Whitney Bradshaw: Scars
William Alexander: Madman Series
Concurrent solo exhibitions of silver dye bleach prints and duratrans print/light boxes by Whitney Bradshaw and paintings in oil, acrylic, and alternative media by William Alexander will be on display at the International Museum of Surgical Science in Chicago from May 9 - July 25, 2003. A reception for the artists that is open and free to the public will take place on Friday, May 9, from 5:00 to 7:00 p.m.
These two contemporary artists produce intense works illustrating the nature of both physical and psychological torment as it bridges the gap between artist, subject, and audience.

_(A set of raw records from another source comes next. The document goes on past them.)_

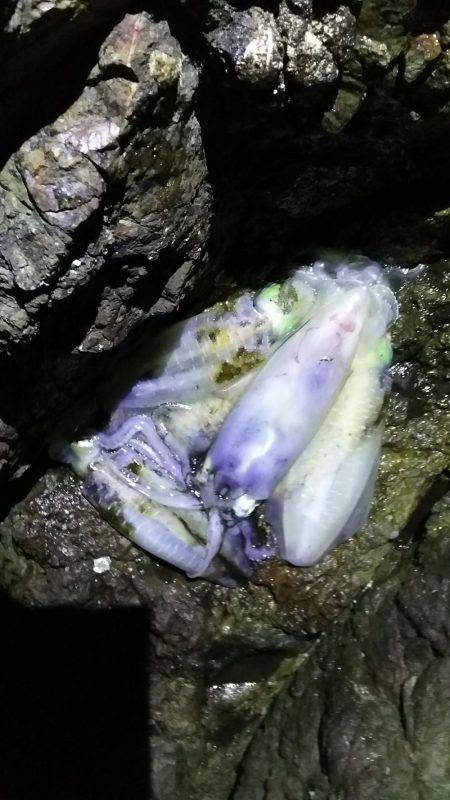 小さいけど釣れました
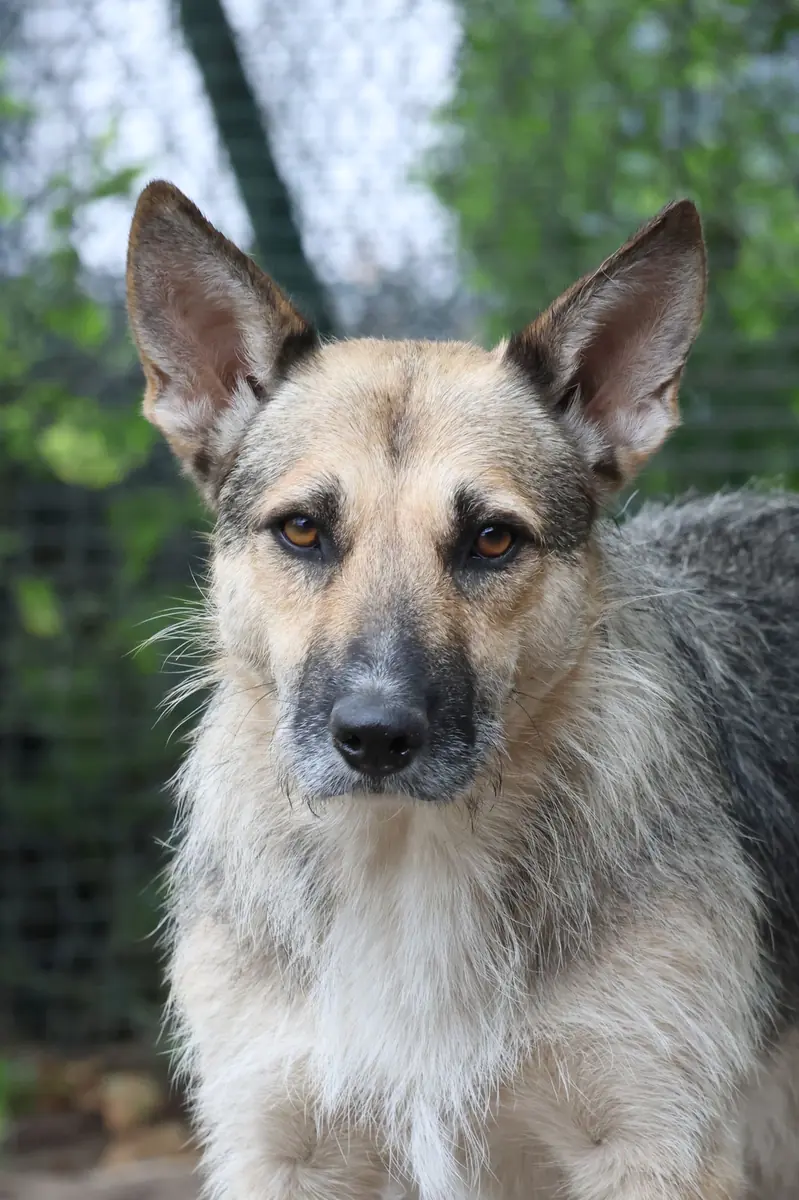 Lucy -  - Bild 3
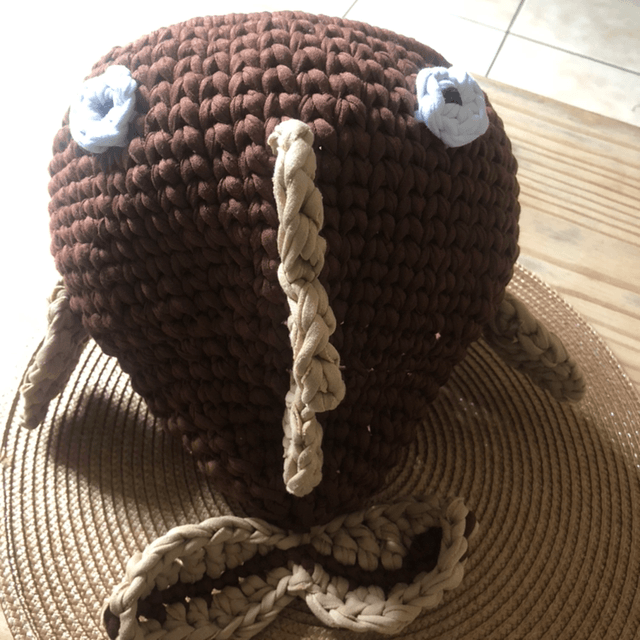Igloo poisson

In her exhibition, “Scars,” Whitney Bradshaw explores the body’s surface utilizing a close up camera lens. By examining the body as if under a microscope, the resulting photographs reveal strange and mysterious views that appear both micro- and macroscopic. The unexpected scale of the work entices the viewer in while Bradshaw’s images gradually become unsettling as one realizes the subject is a scar.
Since receiving her MFA in photography from Columbia College, Bradshaw has exhibited in Chicago and has her work in the permanent collections of the Museum of Contemporary Photography and of Columbia College, both in Chicago.
William Alexander’s “Madman Series” focuses on the human face to convey deeply moving psychological states of mind. Alexander’s paintings communicate personal torment and anguish that is often overwhelming in its scale, expressionistic treatment of paint and physical distortion. The viewer is thereby given the opportunity to experience the visual strength and emotional involvement this self-taught artist has invested in “releasing negative energy in a creative form.”
Alexander has exhibited his work in the Chicagoland area and recently received a grant from the Puffin Foundation.